*** Data listing Section Begins ***
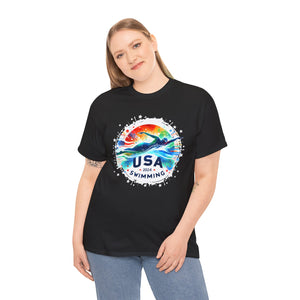 USA 2024 United States Athlete American Swimming 2024 USA Tshirts Shirts for Women Plus Size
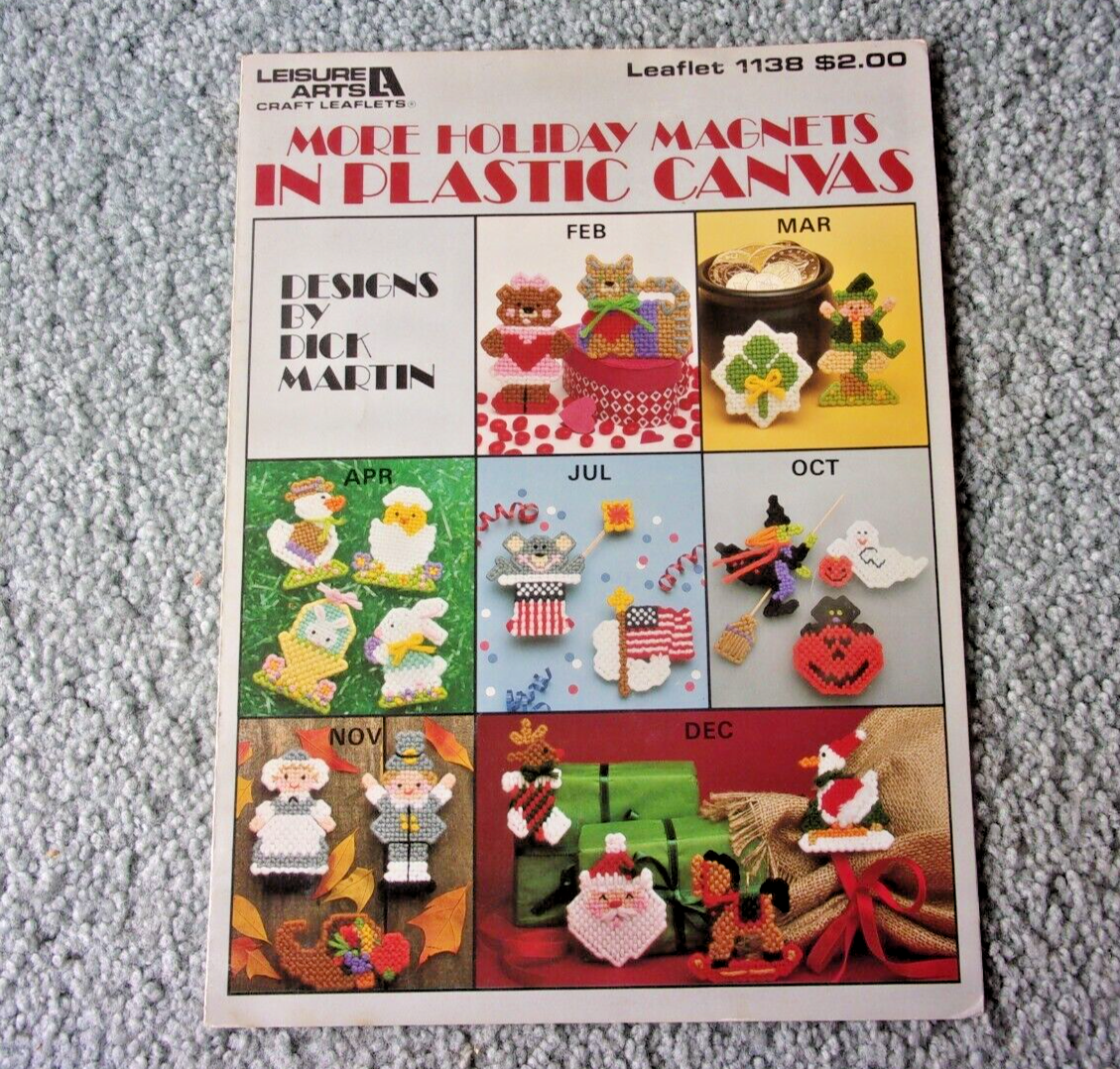 BUY4=FREESHIP PLastic canvas book 20 More Holiday Magnets leisure arts ...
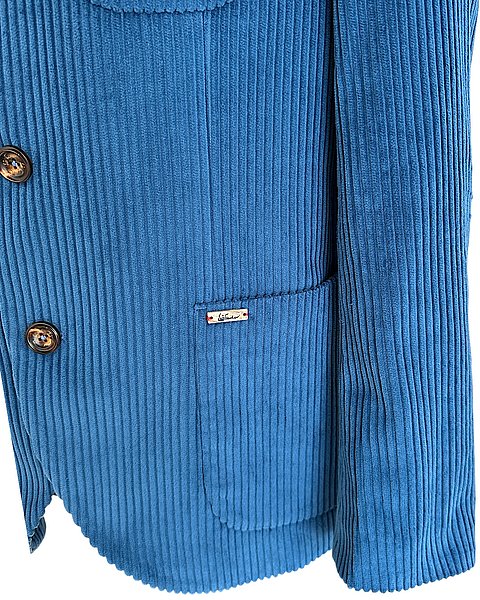 Blazer in velluto a coste con collo alla coreana, blu petrolio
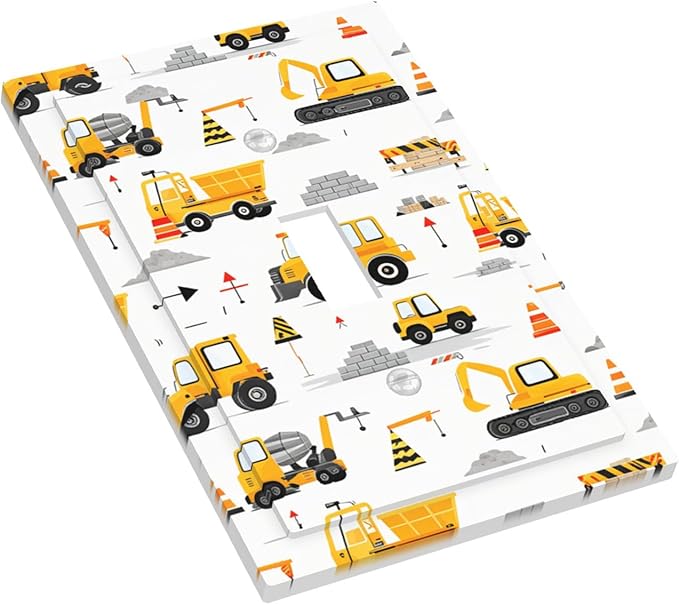 Construction Vehicles & Trucks Light Switch Plate, 1-Gang Toggle Wall Plate for Boys Bedroom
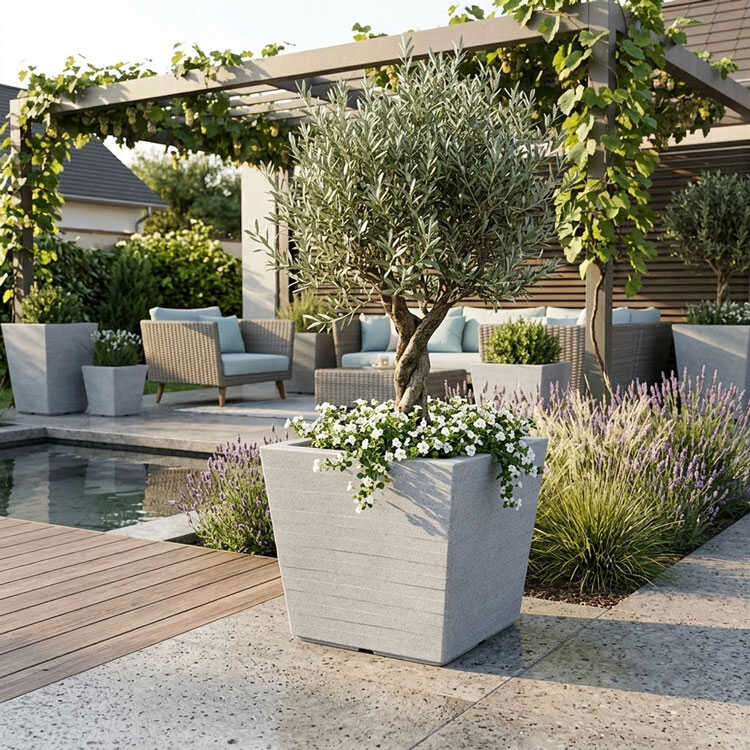 Casa Pica 87L Plant Pot grey square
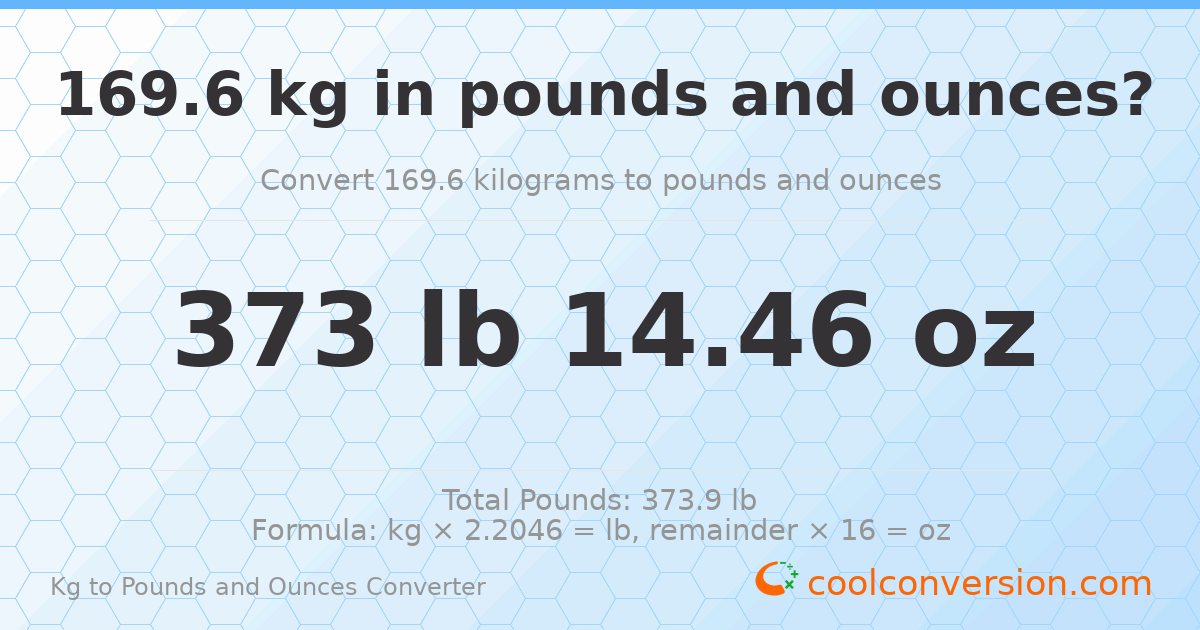 169.6 kg to lbs and oz — 169.6 kg = 373 lb 14.46 oz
*** Data listing Section Ends ***
> Task: Everything from the line that contains "Blazer in velluto" through the final line of the material should be returned exactly, except the pictures.

> Task result:
 Blazer in velluto a coste con collo alla coreana, blu petrolio
 Construction Vehicles & Trucks Light Switch Plate, 1-Gang Toggle Wall Plate for Boys Bedroom
 Casa Pica 87L Plant Pot grey square
 169.6 kg to lbs and oz — 169.6 kg = 373 lb 14.46 oz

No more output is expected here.